Groundbreaking study uncovers how our brain learns
Sophisticated synapse imaging used in NIH-funded project tracks changes within neurons as learning unfolds, offering new insights for brain-like AI systems
University of California - San Diego
image:
Neurons and their branch extensions known as dendrites are featured within a mouse’s cerebral cortex.
view moreCredit: Komiyama Lab, UC San Diego
How do we learn something new? How do tasks at a new job, lyrics to the latest hit song or directions to a friend’s house become encoded in our brains?
The broad answer is that our brains undergo adaptations to accommodate new information. In order to follow a new behavior or retain newly introduced information, the brain’s circuity undergoes change.
Such modifications are orchestrated across trillions of synapses — the connections between individual nerve cells, called neurons — where brain communication takes place. In an intricately coordinated process, new information causes certain synapses to get stronger with new data while others grow weaker. Neuroscientists who have closely studied these alterations, known as “synaptic plasticity,” have identified numerous molecular processes causing such plasticity. Yet an understanding of the “rules” selecting which synapses undergo this process remained unknown, a mystery that ultimately dictates how learned information is captured in the brain.
University of California San Diego neurobiologists William “Jake” Wright, Nathan Hedrick and Takaki Komiyama have now uncovered key details about this process. The main financial support for this multi-year study was provided by several National Institutes of Health research grants and a training grant.
As published April 17 in the journal Science, the researchers used a cutting-edge brain visualization methodology, including two-photon imaging, to zoom into the brain activity of mice and track the activities of synapses and neuron cells during learning activities. With the ability to see individual synapses like never before, the new images revealed that neurons don’t follow one set of rules during episodes of learning, as had been assumed under conventional thinking. Rather, the data revealed that individual neurons follow multiple rules, with synapses in different regions following different rules. These new findings stand to aid advancements in many areas, from brain and behavior disorders to artificial intelligence.
“When people talk about synaptic plasticity, it’s typically regarded as uniform within the brain,” said Wright, a postdoctoral scholar in the School of Biological Sciences and first author of the study. “Our research provides a clearer understanding of how synapses are being modified during learning, with potentially important health implications since many diseases in the brain involve some form of synaptic dysfunction.”
Neuroscientists have carefully studied how synapses only have access to their own “local” information, yet collectively they help shape broad new learned behaviors, a conundrum labeled as the “credit assignment problem.” The issue is analogous to individual ants that work on specific tasks without knowledge of the goals of the entire colony.
Finding that neurons follow multiple rules at once took the researchers by surprise. The cutting-edge methods used in the studied allowed them to visualize the inputs and outputs of changes in neurons as they were happening.
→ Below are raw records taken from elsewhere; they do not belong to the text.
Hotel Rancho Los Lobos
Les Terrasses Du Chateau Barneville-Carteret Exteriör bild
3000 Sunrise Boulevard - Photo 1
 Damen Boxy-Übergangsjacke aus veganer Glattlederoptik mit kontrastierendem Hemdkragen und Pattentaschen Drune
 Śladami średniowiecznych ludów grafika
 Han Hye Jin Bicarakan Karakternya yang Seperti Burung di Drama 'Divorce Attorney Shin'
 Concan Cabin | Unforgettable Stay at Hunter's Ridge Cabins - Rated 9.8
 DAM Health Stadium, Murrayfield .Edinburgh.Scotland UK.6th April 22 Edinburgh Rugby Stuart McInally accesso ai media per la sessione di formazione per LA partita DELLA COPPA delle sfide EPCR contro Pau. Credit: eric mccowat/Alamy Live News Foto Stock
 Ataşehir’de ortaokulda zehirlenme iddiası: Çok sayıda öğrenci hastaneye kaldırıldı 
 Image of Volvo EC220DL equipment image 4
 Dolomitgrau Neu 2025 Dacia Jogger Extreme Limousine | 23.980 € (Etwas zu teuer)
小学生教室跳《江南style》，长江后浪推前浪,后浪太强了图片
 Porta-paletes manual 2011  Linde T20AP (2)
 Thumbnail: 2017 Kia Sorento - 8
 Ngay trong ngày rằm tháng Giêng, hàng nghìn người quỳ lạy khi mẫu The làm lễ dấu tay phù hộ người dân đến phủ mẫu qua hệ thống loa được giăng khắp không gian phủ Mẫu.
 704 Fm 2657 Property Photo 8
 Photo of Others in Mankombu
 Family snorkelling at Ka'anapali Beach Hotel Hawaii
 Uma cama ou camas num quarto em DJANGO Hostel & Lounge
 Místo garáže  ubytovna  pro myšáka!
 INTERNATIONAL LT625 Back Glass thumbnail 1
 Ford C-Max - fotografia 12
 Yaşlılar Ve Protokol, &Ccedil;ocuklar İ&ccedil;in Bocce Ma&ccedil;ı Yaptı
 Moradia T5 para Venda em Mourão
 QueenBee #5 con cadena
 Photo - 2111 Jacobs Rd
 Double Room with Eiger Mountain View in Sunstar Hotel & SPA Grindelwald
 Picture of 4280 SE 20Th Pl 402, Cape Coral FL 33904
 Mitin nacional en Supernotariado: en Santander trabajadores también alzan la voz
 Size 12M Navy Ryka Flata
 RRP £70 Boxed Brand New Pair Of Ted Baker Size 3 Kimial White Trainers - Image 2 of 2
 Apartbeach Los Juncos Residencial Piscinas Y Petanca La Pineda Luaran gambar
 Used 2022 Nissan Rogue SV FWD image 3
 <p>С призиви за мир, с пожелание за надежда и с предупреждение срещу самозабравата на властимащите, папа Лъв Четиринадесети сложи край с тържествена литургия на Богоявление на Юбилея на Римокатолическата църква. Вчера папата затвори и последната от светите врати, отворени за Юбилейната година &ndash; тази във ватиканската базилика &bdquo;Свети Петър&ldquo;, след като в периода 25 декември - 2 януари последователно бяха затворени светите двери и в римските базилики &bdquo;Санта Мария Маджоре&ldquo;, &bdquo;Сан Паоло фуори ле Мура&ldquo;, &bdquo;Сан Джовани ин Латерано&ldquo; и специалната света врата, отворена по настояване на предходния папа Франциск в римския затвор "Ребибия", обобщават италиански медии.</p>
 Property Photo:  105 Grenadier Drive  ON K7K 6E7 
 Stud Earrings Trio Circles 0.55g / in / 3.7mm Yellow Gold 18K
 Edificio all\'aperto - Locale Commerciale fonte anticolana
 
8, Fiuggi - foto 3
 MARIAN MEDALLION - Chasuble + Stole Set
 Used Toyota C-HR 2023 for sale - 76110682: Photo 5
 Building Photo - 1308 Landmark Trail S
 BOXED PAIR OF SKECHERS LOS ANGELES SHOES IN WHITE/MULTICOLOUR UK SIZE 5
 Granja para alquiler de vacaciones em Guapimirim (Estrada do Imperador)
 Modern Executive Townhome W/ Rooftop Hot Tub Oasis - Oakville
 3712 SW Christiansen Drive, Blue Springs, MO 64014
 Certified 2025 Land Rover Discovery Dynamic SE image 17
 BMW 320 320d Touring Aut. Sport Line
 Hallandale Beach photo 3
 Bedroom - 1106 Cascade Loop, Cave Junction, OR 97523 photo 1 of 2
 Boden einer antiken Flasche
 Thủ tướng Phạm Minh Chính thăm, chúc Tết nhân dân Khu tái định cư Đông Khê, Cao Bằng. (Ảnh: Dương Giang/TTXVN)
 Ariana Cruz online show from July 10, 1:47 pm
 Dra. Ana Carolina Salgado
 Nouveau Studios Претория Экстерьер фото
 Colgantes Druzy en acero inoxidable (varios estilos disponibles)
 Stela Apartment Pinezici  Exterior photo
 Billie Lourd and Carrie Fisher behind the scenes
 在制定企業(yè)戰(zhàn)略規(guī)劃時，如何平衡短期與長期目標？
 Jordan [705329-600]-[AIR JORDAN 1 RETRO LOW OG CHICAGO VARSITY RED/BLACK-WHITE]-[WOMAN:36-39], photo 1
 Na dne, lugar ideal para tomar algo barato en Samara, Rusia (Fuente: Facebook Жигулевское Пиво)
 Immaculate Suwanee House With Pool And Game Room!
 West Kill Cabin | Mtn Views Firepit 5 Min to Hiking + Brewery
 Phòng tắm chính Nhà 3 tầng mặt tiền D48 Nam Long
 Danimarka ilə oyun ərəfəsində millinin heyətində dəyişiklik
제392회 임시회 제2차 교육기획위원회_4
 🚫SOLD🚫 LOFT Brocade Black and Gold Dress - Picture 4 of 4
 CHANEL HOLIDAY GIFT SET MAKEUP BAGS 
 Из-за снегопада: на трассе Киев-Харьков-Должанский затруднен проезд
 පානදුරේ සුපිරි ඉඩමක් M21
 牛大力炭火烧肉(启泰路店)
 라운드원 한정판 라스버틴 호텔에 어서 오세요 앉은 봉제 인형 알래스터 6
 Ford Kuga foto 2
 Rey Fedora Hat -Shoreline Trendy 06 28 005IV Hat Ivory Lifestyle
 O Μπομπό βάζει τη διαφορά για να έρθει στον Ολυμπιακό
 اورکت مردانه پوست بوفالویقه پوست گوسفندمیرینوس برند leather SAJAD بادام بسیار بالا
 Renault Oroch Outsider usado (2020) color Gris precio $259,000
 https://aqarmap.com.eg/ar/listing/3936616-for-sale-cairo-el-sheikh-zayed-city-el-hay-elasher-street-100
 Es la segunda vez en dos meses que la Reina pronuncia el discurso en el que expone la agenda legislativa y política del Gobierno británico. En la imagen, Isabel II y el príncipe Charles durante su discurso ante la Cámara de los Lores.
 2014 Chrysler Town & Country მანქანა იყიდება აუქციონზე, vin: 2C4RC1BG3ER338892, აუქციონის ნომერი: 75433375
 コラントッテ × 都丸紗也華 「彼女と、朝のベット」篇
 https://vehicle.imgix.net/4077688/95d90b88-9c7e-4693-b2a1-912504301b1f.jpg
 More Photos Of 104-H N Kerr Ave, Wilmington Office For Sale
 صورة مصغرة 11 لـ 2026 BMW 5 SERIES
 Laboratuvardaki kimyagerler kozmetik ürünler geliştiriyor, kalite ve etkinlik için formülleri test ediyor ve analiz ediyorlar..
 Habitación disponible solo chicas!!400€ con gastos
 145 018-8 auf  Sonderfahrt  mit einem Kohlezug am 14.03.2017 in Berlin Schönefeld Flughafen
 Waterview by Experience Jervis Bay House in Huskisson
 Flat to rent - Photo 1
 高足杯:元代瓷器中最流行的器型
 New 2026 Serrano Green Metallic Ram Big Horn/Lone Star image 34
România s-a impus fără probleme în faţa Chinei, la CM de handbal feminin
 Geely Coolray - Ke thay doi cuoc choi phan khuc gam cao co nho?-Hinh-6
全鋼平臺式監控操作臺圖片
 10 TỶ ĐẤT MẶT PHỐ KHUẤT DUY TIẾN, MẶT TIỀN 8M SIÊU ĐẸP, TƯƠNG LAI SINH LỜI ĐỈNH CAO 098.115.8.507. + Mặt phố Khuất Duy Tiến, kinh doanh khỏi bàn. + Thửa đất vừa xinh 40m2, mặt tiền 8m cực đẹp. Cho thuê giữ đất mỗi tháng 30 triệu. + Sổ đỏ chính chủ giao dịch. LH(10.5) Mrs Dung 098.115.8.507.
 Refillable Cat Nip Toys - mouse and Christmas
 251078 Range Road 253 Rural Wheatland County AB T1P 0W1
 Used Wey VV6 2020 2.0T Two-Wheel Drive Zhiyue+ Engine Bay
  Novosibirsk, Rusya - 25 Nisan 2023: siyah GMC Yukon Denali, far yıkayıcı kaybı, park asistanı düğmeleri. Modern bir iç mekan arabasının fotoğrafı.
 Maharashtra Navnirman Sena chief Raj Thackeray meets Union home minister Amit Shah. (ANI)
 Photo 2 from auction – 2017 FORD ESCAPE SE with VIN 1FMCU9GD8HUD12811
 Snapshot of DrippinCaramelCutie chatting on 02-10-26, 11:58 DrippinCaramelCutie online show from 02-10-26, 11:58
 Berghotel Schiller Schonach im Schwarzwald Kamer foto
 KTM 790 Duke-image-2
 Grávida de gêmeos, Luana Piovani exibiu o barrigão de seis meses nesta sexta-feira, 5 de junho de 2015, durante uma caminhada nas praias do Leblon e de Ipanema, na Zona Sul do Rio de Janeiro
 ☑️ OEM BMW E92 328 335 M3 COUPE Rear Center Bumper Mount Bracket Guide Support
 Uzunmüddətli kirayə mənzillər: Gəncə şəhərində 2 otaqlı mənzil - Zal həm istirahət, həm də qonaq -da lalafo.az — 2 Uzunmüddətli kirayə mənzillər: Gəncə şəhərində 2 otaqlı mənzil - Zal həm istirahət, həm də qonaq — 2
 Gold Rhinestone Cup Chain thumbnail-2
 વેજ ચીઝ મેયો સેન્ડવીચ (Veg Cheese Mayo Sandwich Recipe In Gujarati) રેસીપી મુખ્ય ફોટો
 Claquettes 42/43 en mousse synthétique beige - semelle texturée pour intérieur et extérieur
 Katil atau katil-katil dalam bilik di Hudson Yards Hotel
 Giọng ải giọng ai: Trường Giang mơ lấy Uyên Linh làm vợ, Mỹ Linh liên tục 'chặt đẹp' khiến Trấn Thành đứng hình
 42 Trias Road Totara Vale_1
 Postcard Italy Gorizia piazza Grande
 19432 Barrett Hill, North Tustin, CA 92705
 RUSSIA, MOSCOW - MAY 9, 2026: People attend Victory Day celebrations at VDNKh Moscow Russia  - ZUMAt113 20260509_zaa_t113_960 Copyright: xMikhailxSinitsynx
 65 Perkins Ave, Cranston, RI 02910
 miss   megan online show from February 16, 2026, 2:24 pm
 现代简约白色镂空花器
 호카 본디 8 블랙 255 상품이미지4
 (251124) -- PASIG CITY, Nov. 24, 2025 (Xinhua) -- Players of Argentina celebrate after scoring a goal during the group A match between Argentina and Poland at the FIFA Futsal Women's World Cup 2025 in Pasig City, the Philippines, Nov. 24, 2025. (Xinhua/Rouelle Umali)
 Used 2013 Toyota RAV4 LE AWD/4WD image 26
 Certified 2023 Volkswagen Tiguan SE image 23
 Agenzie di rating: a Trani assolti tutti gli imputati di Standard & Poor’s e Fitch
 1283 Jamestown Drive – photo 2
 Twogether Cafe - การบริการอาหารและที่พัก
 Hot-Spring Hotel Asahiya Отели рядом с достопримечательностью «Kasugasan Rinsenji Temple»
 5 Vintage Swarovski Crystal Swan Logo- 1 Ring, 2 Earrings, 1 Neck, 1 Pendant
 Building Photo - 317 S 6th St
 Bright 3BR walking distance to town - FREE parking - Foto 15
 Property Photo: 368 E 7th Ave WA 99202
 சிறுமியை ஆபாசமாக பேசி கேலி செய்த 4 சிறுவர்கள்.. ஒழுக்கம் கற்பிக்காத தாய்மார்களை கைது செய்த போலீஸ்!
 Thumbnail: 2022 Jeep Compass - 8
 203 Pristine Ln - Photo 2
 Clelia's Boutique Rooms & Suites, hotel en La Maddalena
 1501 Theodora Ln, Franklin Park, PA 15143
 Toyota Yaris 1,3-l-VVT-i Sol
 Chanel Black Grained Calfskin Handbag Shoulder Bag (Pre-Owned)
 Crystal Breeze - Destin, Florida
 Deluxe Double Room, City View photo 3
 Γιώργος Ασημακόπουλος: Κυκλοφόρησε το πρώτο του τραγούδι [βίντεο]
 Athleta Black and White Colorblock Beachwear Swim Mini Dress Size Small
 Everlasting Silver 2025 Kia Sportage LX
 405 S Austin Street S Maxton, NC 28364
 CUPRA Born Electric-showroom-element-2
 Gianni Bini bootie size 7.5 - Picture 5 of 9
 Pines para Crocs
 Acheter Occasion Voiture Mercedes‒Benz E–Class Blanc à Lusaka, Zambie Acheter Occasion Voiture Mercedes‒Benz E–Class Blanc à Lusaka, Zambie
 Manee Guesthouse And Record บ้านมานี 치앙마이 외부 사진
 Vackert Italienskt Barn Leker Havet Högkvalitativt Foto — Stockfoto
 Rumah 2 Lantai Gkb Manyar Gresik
“This discovery fundamentally changes the way we understand how the brain solves the credit assignment problem, with the concept that individual neurons perform distinct computations in parallel in different subcellular compartments,” said study senior author Takaki Komiyama, a professor in the Departments of Neurobiology (School of Biological Sciences) and Neurosciences (School of Medicine), with appointments in the Halıcıoğlu Data Science Institute and Kavli Institute for Brain and Mind.
The new information offers promising insights for the future of artificial intelligence and the brain-like neural networks upon which they operate. Typically an entire neural network functions on a common set of plasticity rules, but this research infers possible new ways to design advanced AI systems using multiple rules across singular units.
For health and behavior, the findings could offer a new way to treat conditions including addiction, post-traumatic stress disorder and Alzheimer’s disease, as well as neurodevelopmental disorders such autism.
“This work is laying a potential foundation of trying to understand how the brain normally works to allow us to better understand what’s going wrong in these different diseases,” said Wright.
The new findings are now leading the researchers on a course to dig deeper to understand how neurons are able to utilize different rules at once and what benefits using multiple rules gives them.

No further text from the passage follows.